» **Extracted records**
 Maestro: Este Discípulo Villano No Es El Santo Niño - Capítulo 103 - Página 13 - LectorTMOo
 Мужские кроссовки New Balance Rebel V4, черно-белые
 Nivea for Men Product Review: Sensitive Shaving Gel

* * *

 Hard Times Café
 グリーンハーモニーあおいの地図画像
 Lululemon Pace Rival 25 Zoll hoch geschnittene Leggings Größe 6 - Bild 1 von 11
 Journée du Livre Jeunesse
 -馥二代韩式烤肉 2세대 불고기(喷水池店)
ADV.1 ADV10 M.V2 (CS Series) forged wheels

--

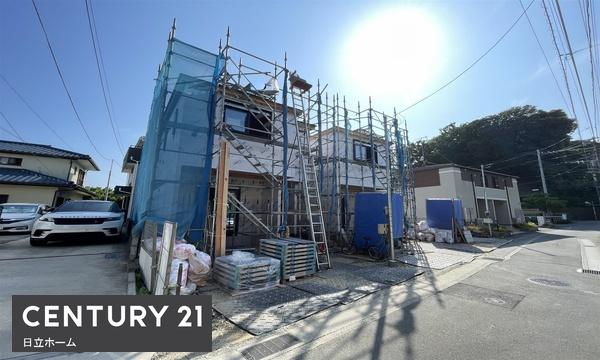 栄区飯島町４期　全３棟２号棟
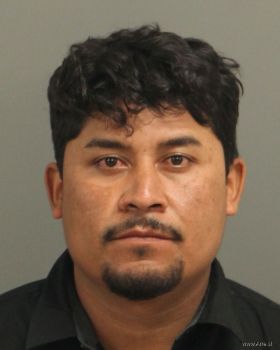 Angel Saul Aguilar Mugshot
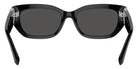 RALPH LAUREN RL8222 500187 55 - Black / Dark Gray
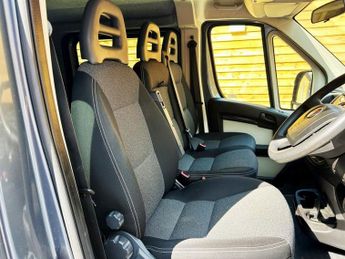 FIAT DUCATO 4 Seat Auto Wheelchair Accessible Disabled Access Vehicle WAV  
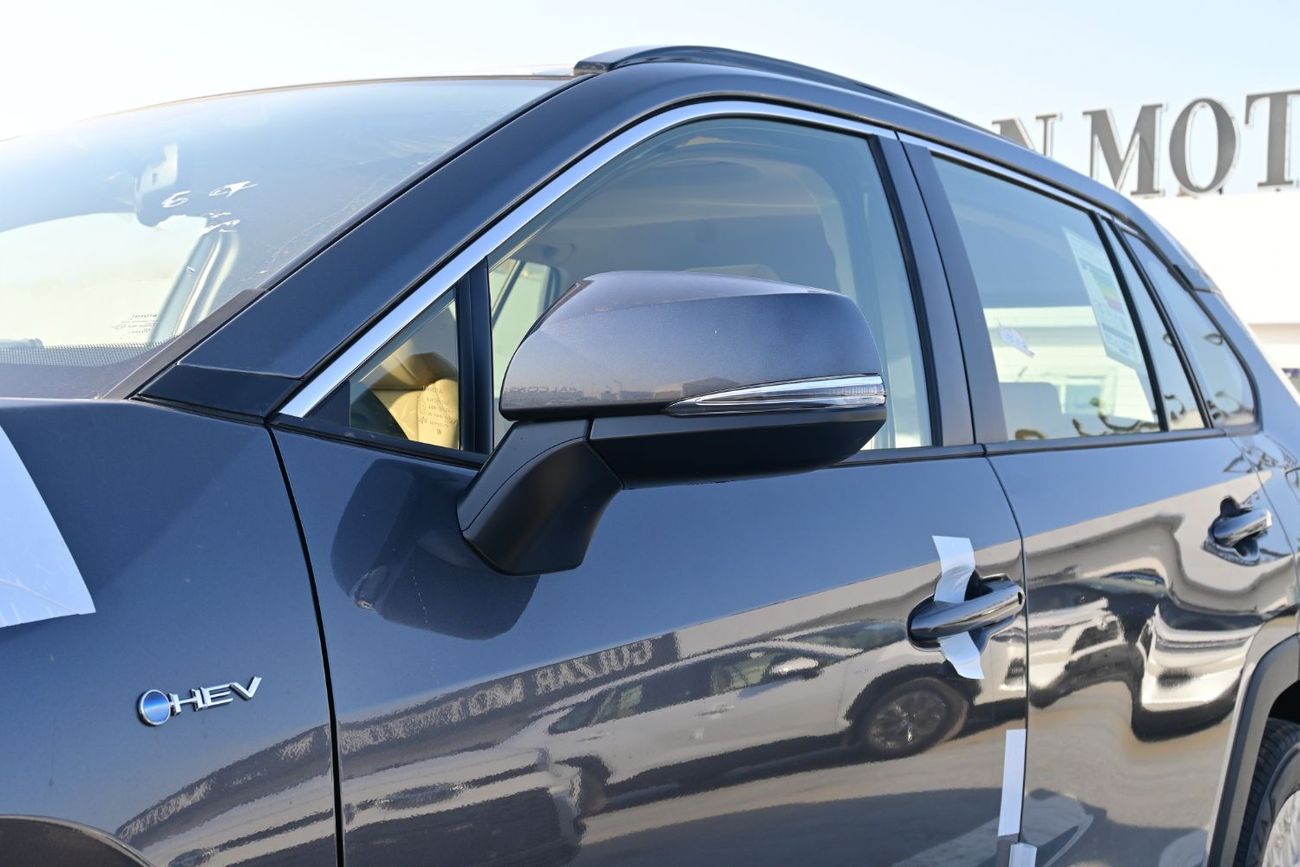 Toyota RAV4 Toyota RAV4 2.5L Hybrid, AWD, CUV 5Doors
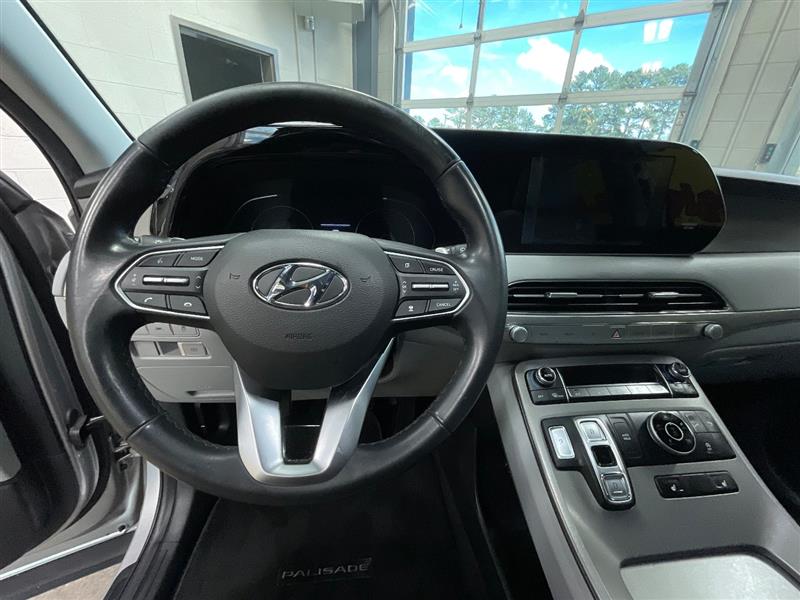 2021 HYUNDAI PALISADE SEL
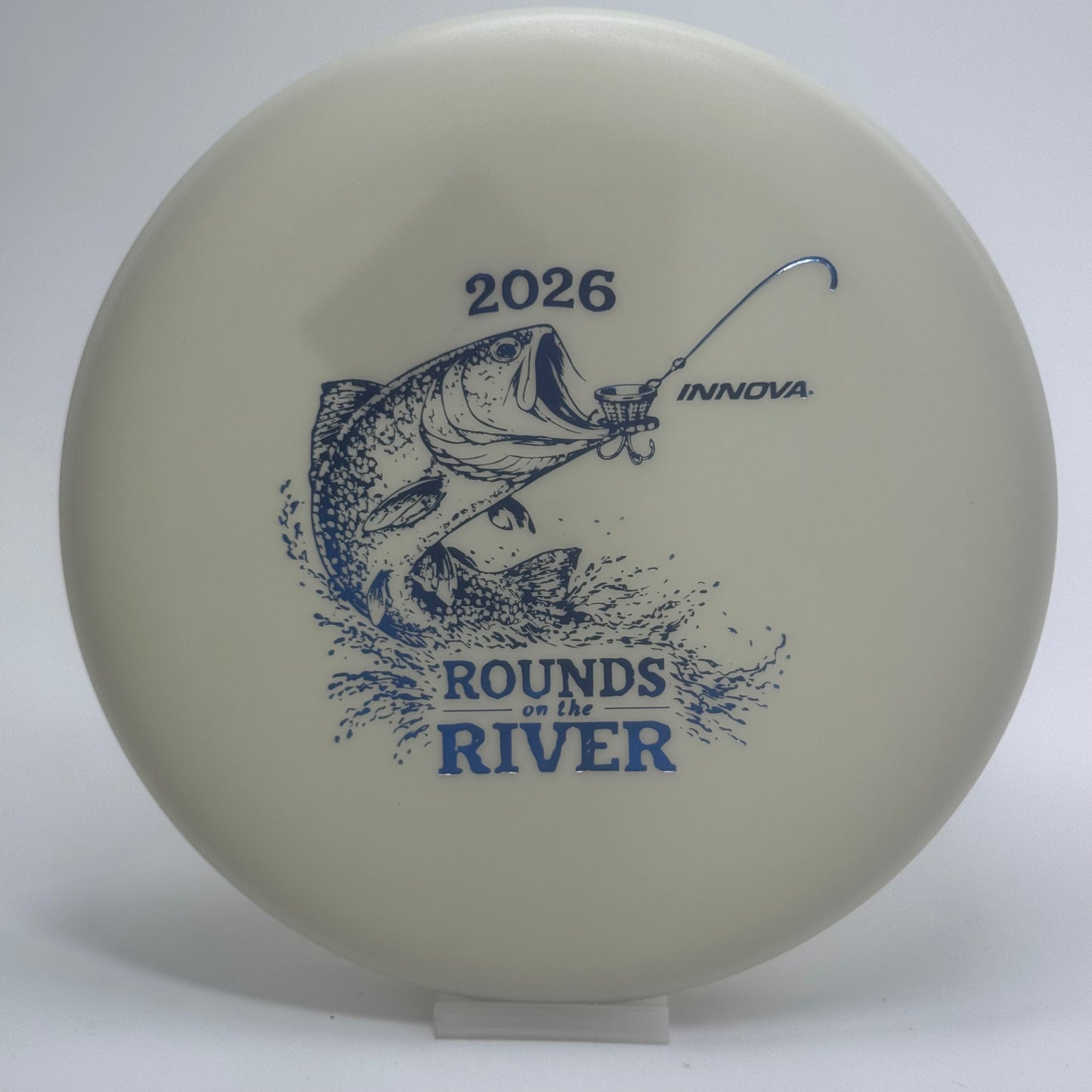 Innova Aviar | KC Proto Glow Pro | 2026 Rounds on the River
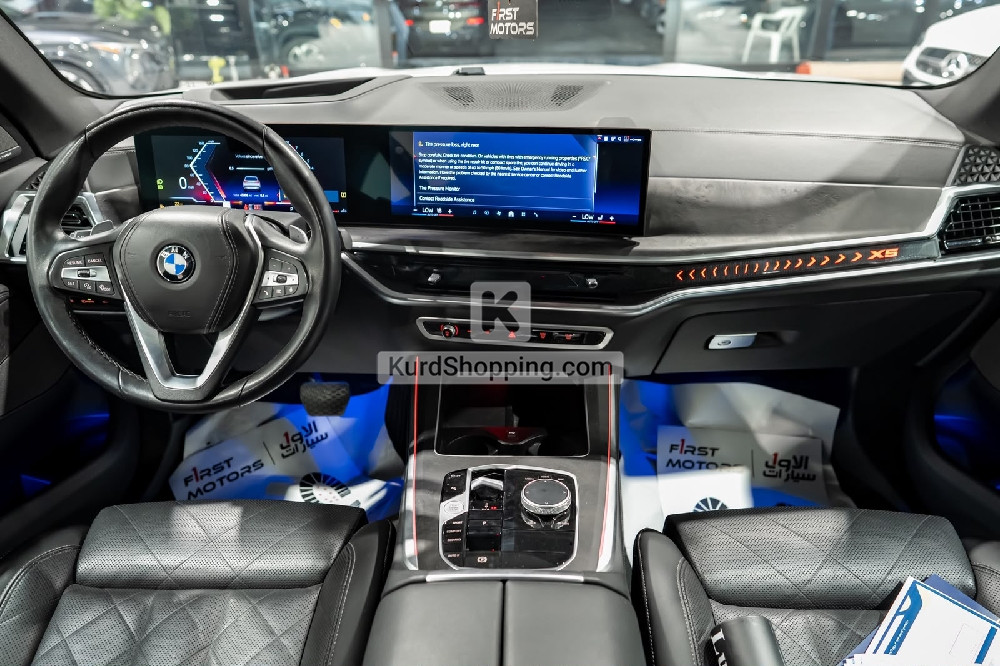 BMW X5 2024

» **Goal of the exercise**
Only the lines above starting with the line with "Angel Saul Aguilar Mugshot" and going on through the line with "BMW X5 2024" belong in the answer; repeat them exactly, minus any picture.

» **Result**
 Angel Saul Aguilar Mugshot
 RALPH LAUREN RL8222 500187 55 - Black / Dark Gray
 FIAT DUCATO 4 Seat Auto Wheelchair Accessible Disabled Access Vehicle WAV  
 Toyota RAV4 Toyota RAV4 2.5L Hybrid, AWD, CUV 5Doors
 2021 HYUNDAI PALISADE SEL
 Innova Aviar | KC Proto Glow Pro | 2026 Rounds on the River
 BMW X5 2024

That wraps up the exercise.